Thread scheduling for high-sensitivity, high-resolution FFTs

Marcus_DSLeech · January 7, 2009, 12:59am

Let’s say, for the sake of interesting discussion, that I have access to
a beastly multi-CPU 'puter, perhaps based on the
latest Xeon 7460 series CPUs, and a quad-socket server, giving me 24
CPUs, and 48 threads.

I’m interested in wideband, high-sensitivity, high-resolution
spectroscopy.

I envisage a scheme where one thread gathers an FFT-frame worth of data
(let’s say from an USRP2), and doles it out to one
of a number of other threads that are doing FFTs on these frames of
data. All the outputs of the FFT threads are averaged
together to produce a result that is then time averaged.

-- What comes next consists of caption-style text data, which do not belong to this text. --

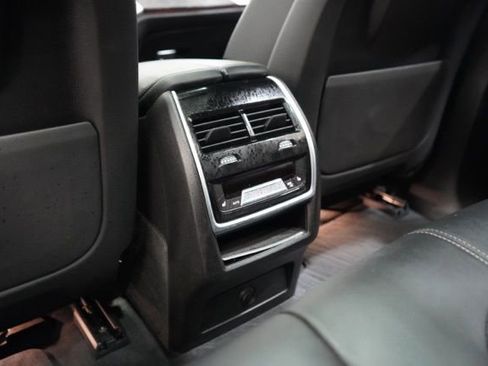 Used 2021 BMW X5 xDrive40i w/ Premium Package image 34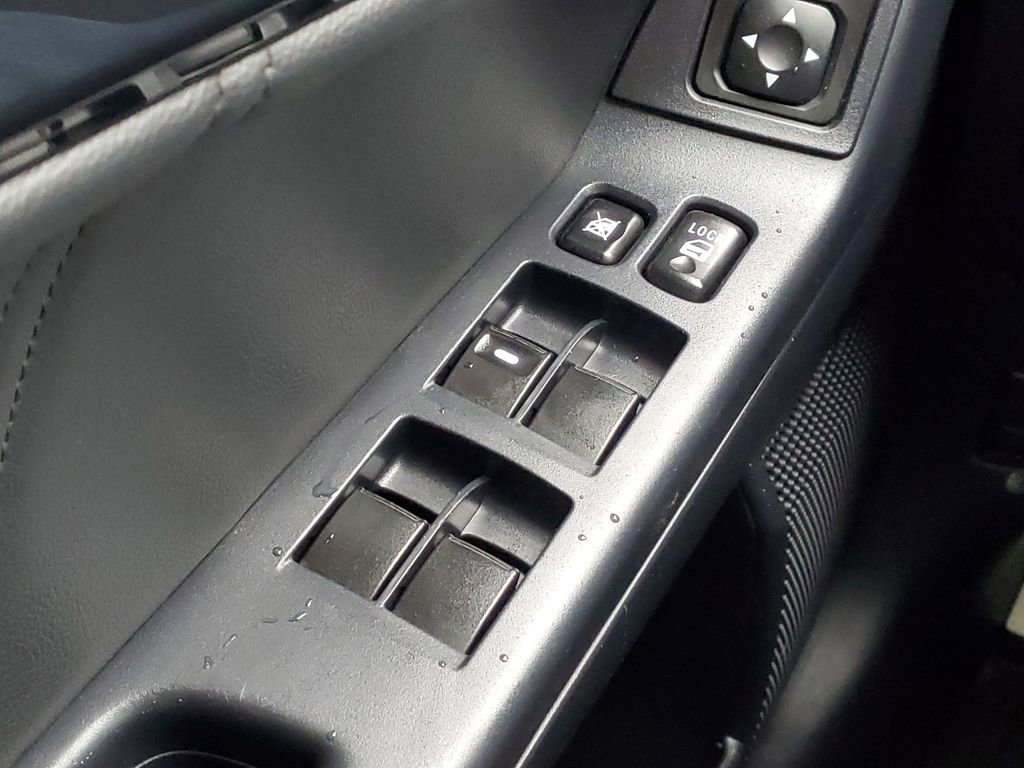 Used 2015 Mitsubishi Lancer Evolution GSR image 15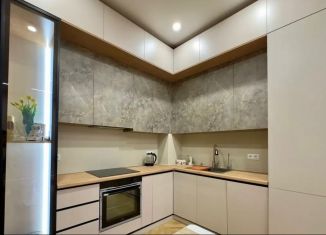 Сдаю в аренду 1-комнатную квартиру, 43 м2, Татарстан, улица Родины, 26Б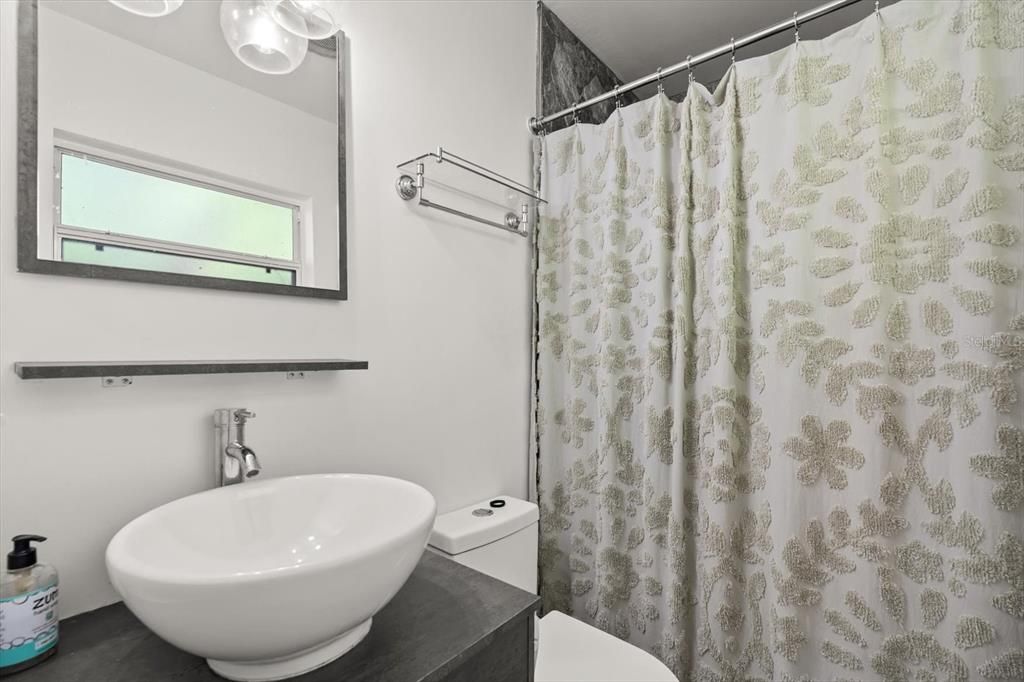 Active With Contract: $324,900 (3 beds, 2 baths, 1146 Square Feet)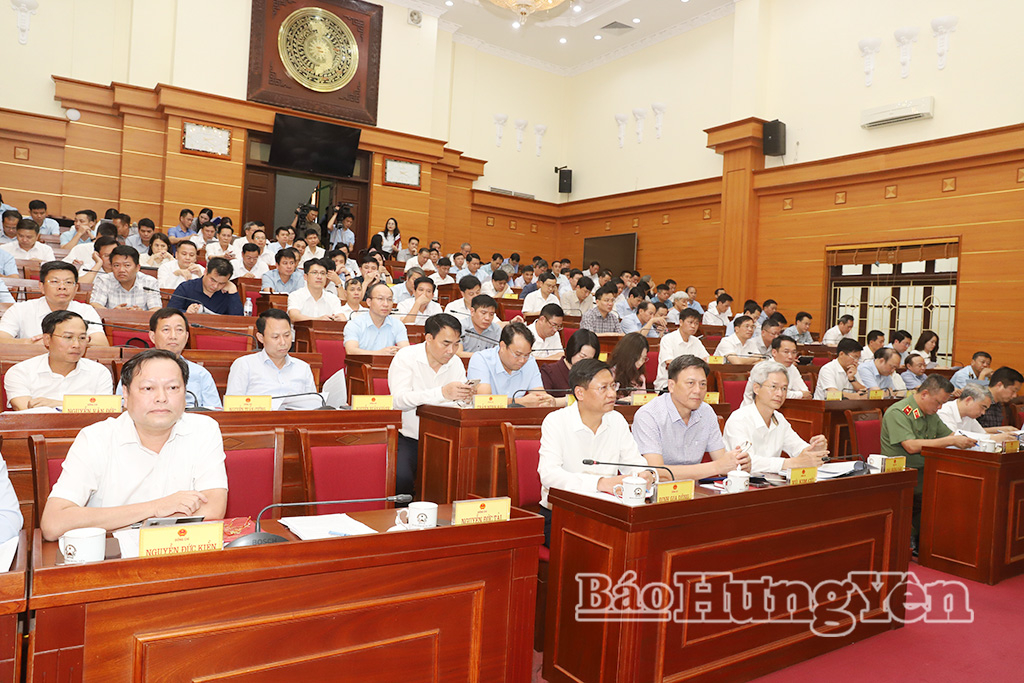 Các đại biểu dự phiên họp.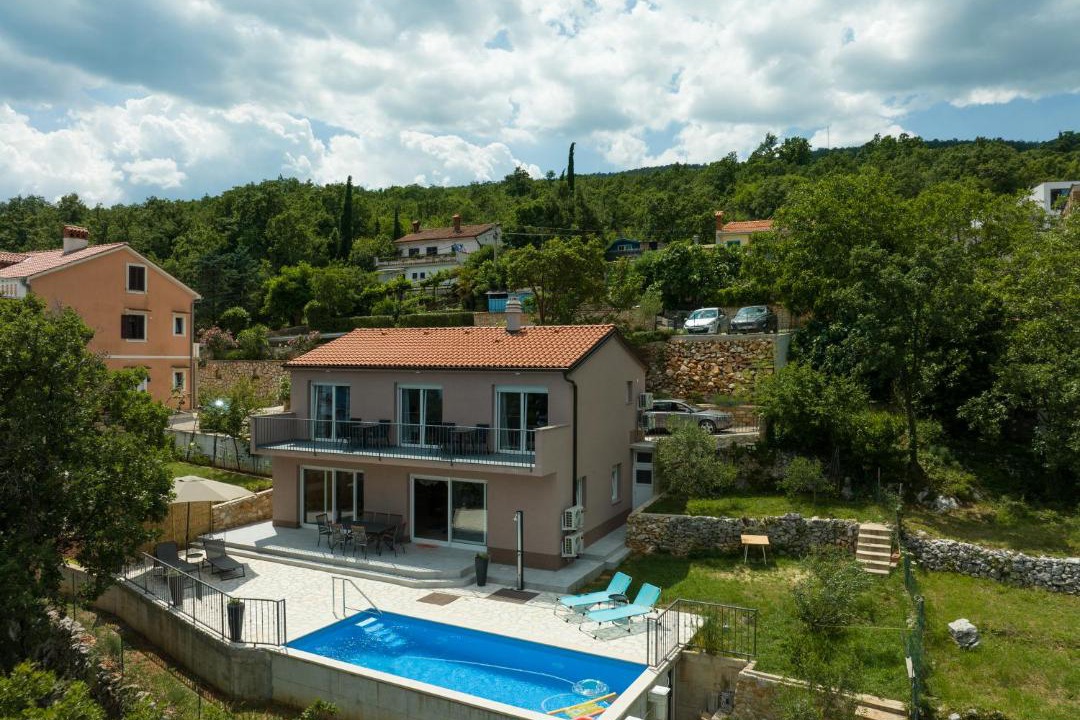 Photo of Others in Sveta Jelena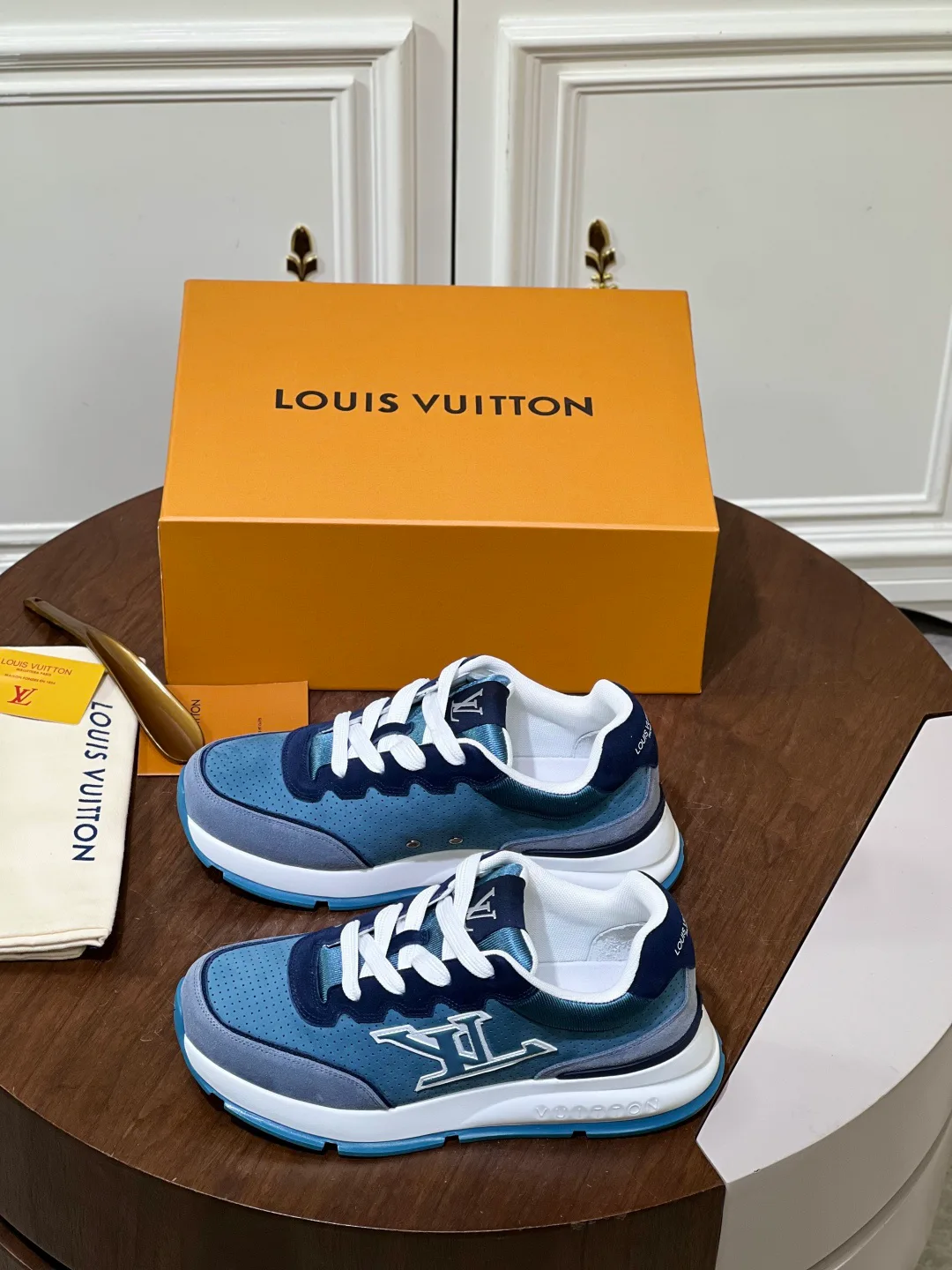 Кроссовки Мужские Louis Vuitton 17460374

The existing FFT display schemes in Gnu Radio use a “keep-one-in-n”
scheme for the FFTs, which means that sensitivity
is necessarily lost, due to the spectrum being under-sampled in the
time domain.

Is there existing plumbing to be able to try this sort of thing? [On a
smaller scale–I don’t actually have such a monster server
at my disposal at the moment!!].

–
Marcus L.
Principal Investigator, Shirleys Bay Radio Astronomy Consortium

Marcus_DSLeech · January 7, 2009, 3:47am

On Tue, Jan 06, 2009 at 06:58:47PM -0500, Marcus D. Leech wrote:

data. All the outputs of the FFT threads are averaged

Is this an SMP machine, or a cluster?

If SMP, it’ll “just work”. If it’s a cluster, you’ll need to figure
out how to partition separate instantiations of GR on each node.

Eric

Marcus_DSLeech · January 7, 2009, 5:21am

Eric B. wrote:

Is this an SMP machine, or a cluster?

If SMP, it’ll “just work”. If it’s a cluster, you’ll need to figure
out how to partition separate instantiations of GR on each node.

Eric

SMP.

Describe how it’ll “just work”??

Maybe I haven’t looked at all the blocks carefully enough, but I can’t
immediately see how to do this.

I basically want a “distributor” block that distributes FFT input frames
to multiple instances of an FFT computation,
across multiple threads, and have the results of the separate FFTs
synchronized.

–
Marcus L.
Principal Investigator, Shirleys Bay Radio Astronomy Consortium

Marcus_DSLeech · January 7, 2009, 7:05am

Eric B. wrote:

synchronized.

fft1 = …
connect(fft0, (fanin, 0))

Eric

Yes, I came to the same conclusion about gr.interleave trickery myself,
and will have to noodle over it when I’m awake.

–
Marcus L.
Principal Investigator, Shirleys Bay Radio Astronomy Consortium

Marcus_DSLeech · January 7, 2009, 4:23pm

From what Eric has described (which should work), you have choices. The
choices would be to increase sensitivity by adding the results of the
fft’s
which is the same as producing spectra from long term autocorrelation
which
will increase sensitivity O(n) because it is coherent averaging or if
you
sist on noncoherent averaging sensitivity will be increase O(sqrt(n))
but
only by decreasing the variance of the noise. And/or you can build
larger
fft’s from the intermediate ones via several techniques to increase
frequency resolution. The latter requires more careful organization
because
you do not wish to window the smaller ones if you wish to combine them
later. This would require windowing in the frequency domain and
necessarily
the expense of convolution rather than multiplication.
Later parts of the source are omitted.